-- Description of the task --
Output every record word for word, minus the pictures.

-- Data records --
______
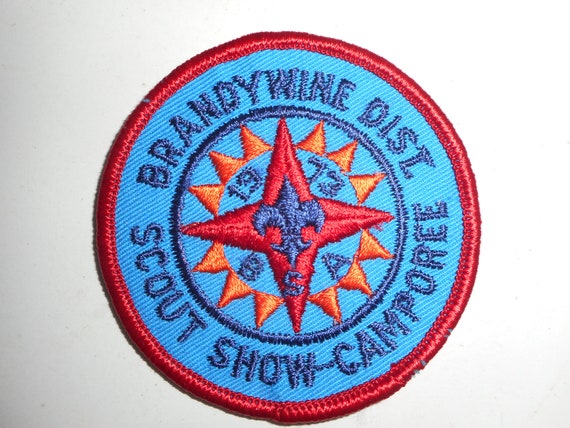 Vintage 70s BSA Boy Scout 1973 Brandywine Dist Sc… - image 1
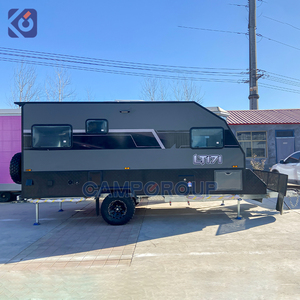 CAMPTRL 2026 Autocaravana con Techo Elevable y Estructura de Aluminio, con Sistema <span class=keywords><strong>Solar</strong></span> <span class=keywords><strong>para</strong></span> Acampar Fuera de la Red - Product Image 4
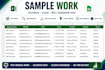 do accurate data entry, web research and data collection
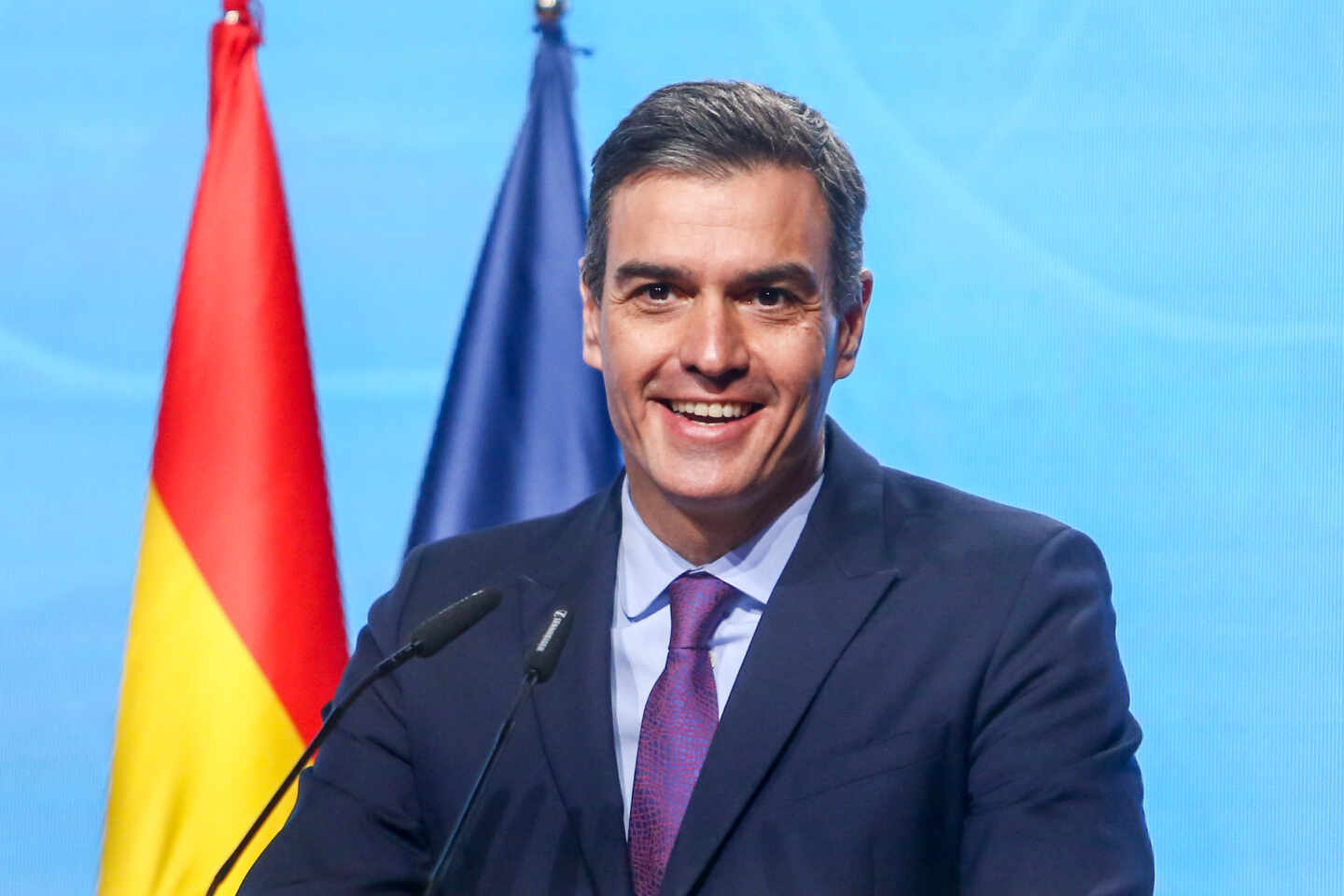 Pedro Sánchez.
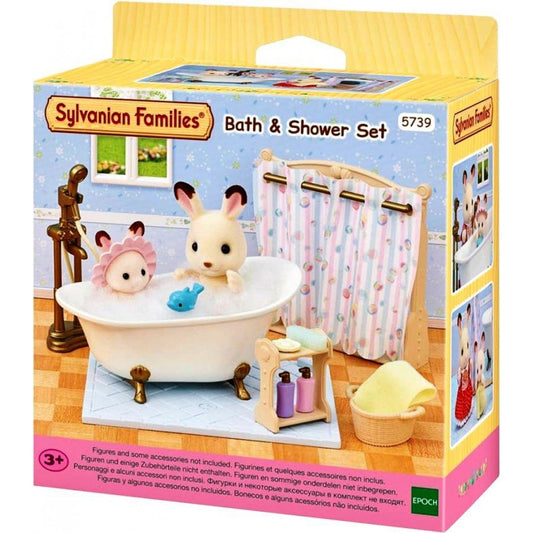 Slyvanian Families - Bath & Shower Set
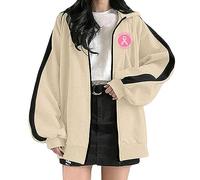 Générique Sweats À Capuche Femme Top du Cancer Sein Sweat Vêtements De Sport pour Veste en a Vetement Legere Ete Femmes Blousons Zippé Sweat-Shirt Sportswear Sweatshirt Pulls, Gilets Et Hoodie Sweet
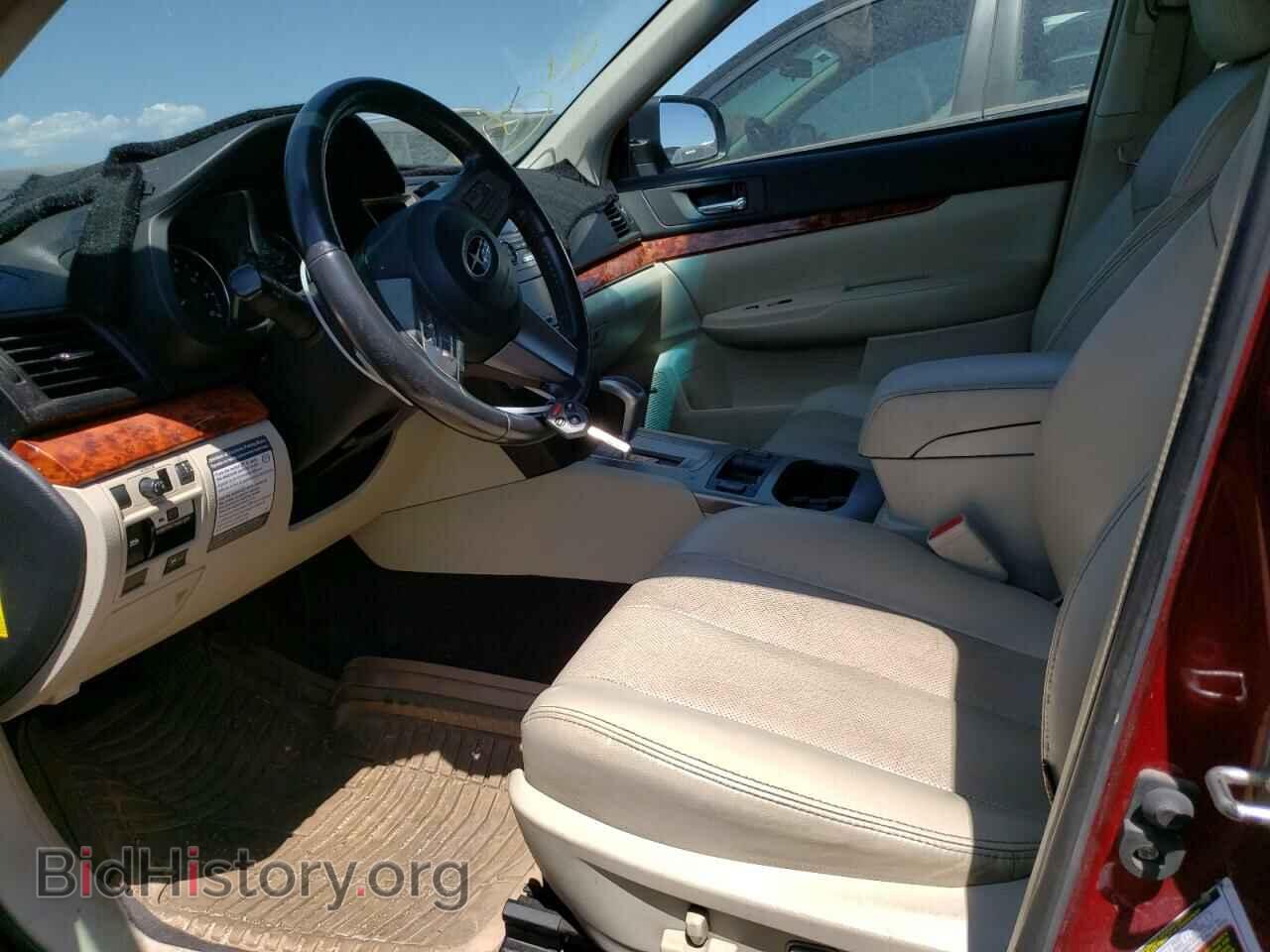 2011 SUBARU OUTBACK - VIN: 4S4BRDKC6B2376511 - Фото 7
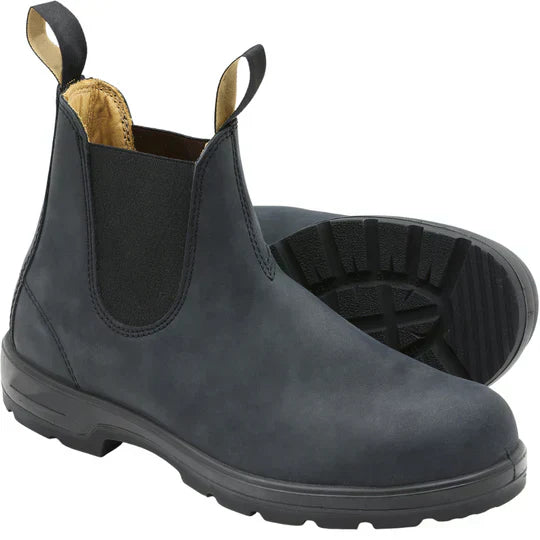 Wasserdichte Stiefel mit Slip on Design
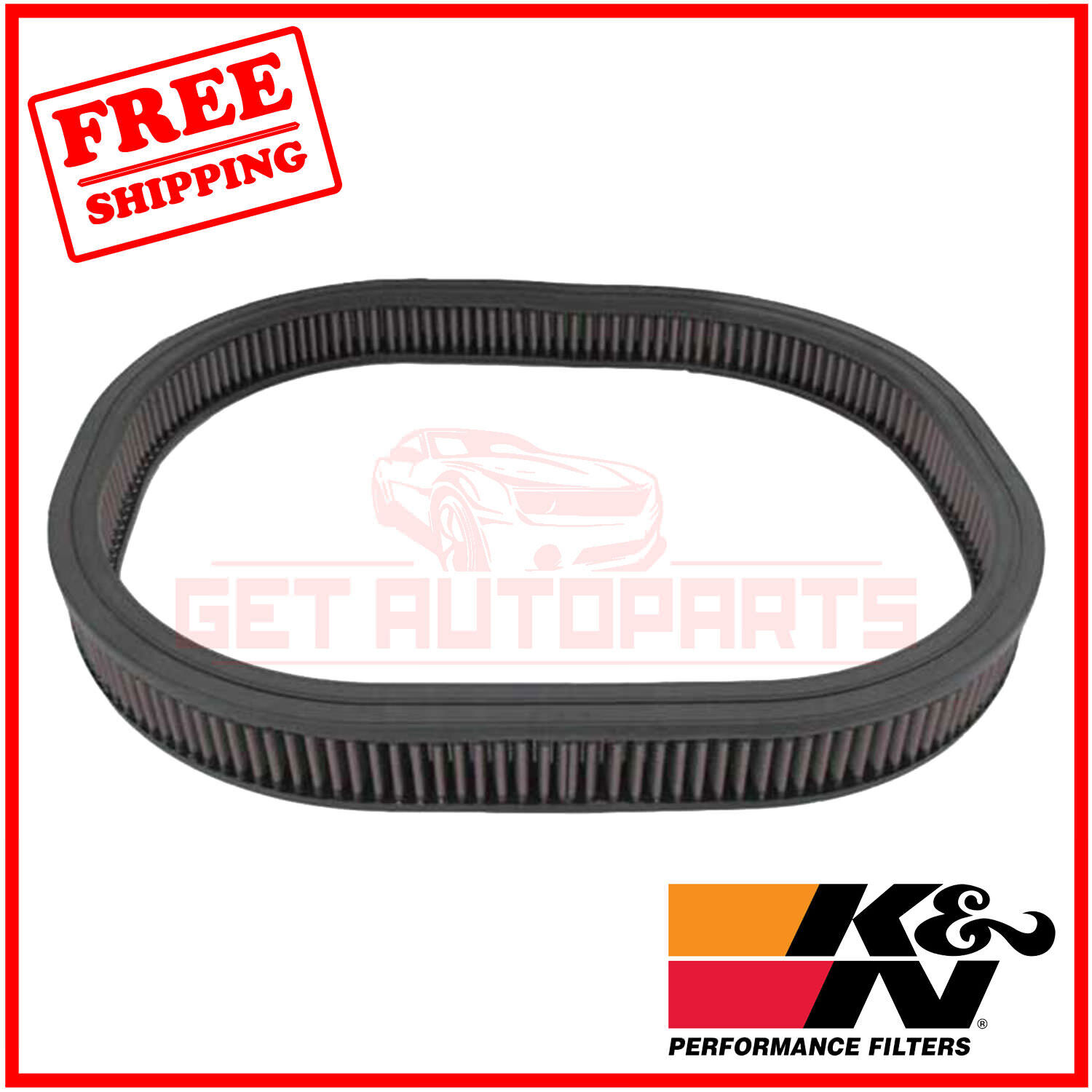 K&N Replacement Air Filter for Plymouth Superbird 1970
______
-- Exercise result --
 Vintage 70s BSA Boy Scout 1973 Brandywine Dist Sc… - image 1
 CAMPTRL 2026 Autocaravana con Techo Elevable y Estructura de Aluminio, con Sistema <span class=keywords><strong>Solar</strong></span> <span class=keywords><strong>para</strong></span> Acampar Fuera de la Red - Product Image 4
 do accurate data entry, web research and data collection
 Pedro Sánchez.
 Slyvanian Families - Bath & Shower Set
 Générique Sweats À Capuche Femme Top du Cancer Sein Sweat Vêtements De Sport pour Veste en a Vetement Legere Ete Femmes Blousons Zippé Sweat-Shirt Sportswear Sweatshirt Pulls, Gilets Et Hoodie Sweet
 2011 SUBARU OUTBACK - VIN: 4S4BRDKC6B2376511 - Фото 7
 Wasserdichte Stiefel mit Slip on Design
 K&N Replacement Air Filter for Plymouth Superbird 1970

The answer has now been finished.